Justo cuando los colectivos sociales destapan un chorro de infiltraciones policiales, aparece oportunamente "La infiltrada" con un embellecimiento de la guerra sucia. Durante los cinco años en que Elena Tejada se inmiscuyó en los movimientos civiles riojanos y vascos, antes siquiera de contactar con ETA, la tortura fue una práctica sistemática con un fuerte acento en el maltrato sexual, tal y como recoge un estudio del Forensic Science International. Muere Xabier Kalparsoro en la comisaría de la Policía de Bilbao. Muere Gurutze Iantzi en la comandancia de la Guardia Civil de Tres Cantos. Muere Alejandro Gorraiz después de que la Policía arroje una pastilla de humo a su vivienda.
Unos días después de que "La infiltrada" recogiera el Goya a la mejor película, nuestro país conmemoraba el Día contra la Tortura y Arnaldo Otegi relataba los tormentos que padeció en Intxaurrondo y en la Dirección General de la Guardia Civil de Madrid: camisas de fuerza, bañeras, descargas eléctricas, suplicios que se repiten como un eco en los testimonios de miles de torturados. En las filas del nacionalismo español, que siempre ha considerado esas denuncias una ficción guionizada, prosperaba un enfoque más audaz. Un columnista de Vocento respondía celebrando los crímenes de los GAL y reivindicaba el derecho a molernos a palos. Desde el mismo grupo de prensa, un profesor de la UPV sugería que algunos torturados se lo tenían merecido.
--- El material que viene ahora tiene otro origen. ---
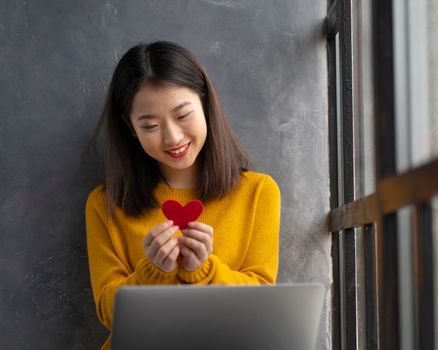 Online Dating on Valentines day at distance during quarantine and self-isolation. Woman showing red heart symbol of love in front of laptop and talking on video call with man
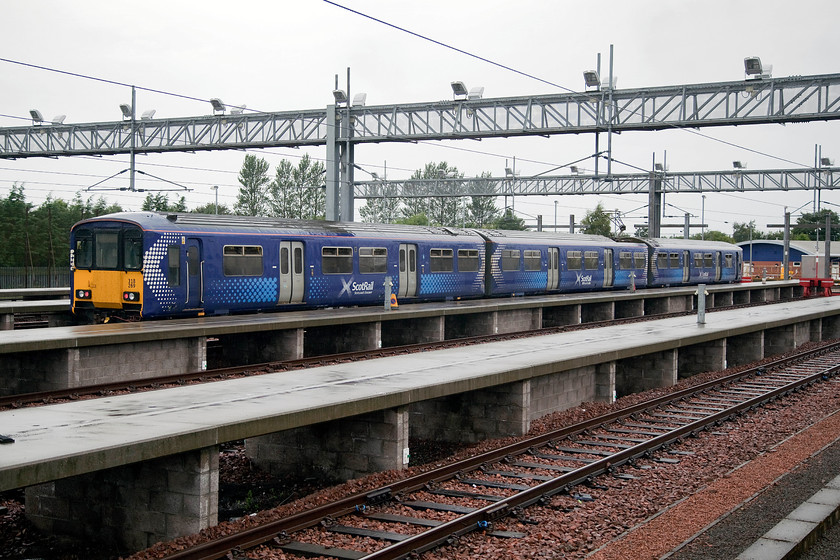 318269, stabled, Bathgate depot 
 ScotRail is likely to be disposing of its class 318s over the coming few years as more new stock is accepted in-service. Refurbished for a second time between 2013 and 2107 the units meet the new in-coming disability access regulations so still can do their job for the time being. 318269 sits idle in the extensive depot adjacent to Bathgate station. At this time it was pouring with rain and continued to do so for the next few hours. 
 Keywords: 318269 stabled Bathgate depot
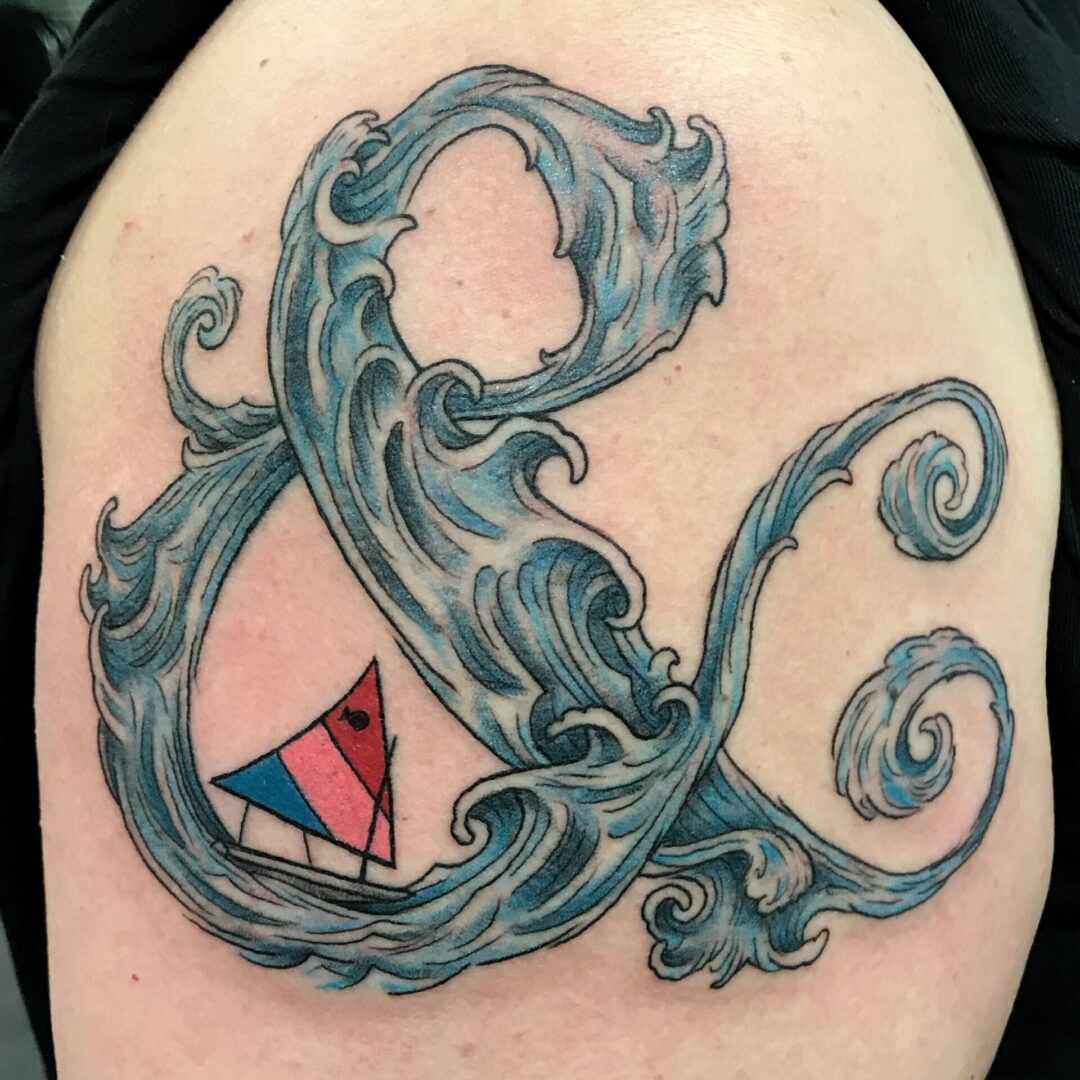 A tattoo of an ampersand with waves coming from it.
El vínculo de "La infiltrada" con las torturas no es accidental. "El Mundo" ha revelado que el personaje de «El Inhumano» corresponde al comisario Fernando Sainz Merino, un policía franquista que se curtió en la Brigada de Información de Barcelona antes de asumir la jefatura de la Policía española en Gipuzkoa. En 1980, tres independentistas catalanes lo acusaron de haber forzado falsas inculpaciones bajo tortura en la comisaría de Via Laietana. El Tribunal Europeo de Derechos Humanos terminó condenando a España por ausencia de garantías procesales y la Audiencia Nacional hubo de absolver a los demandantes.
Como recuerda Ramon Sola en las páginas de GARA, la película de Echevarría presenta a «El Inhumano» como un policía templado que rehúsa el terror de Estado. ¿Cómo es posible entonces que el Instituto Vasco de Criminología haya certificado un centenar de casos de tortura bajo su mandato? ¿Será que la infiltración y el tormento eran dos rostros de una misma estrategia? ¿Será que las infiltraciones, como sostienen las víctimas, cobran forma de tortura psicológica y prosperan sobre el provecho afectivo y sexual? Hace veinticinco años, "Ardi Beltza" revelaba que Tejada había desarrollado un vínculo sentimental con una persona de los círculos abertzales. ¿Nos suena de algo?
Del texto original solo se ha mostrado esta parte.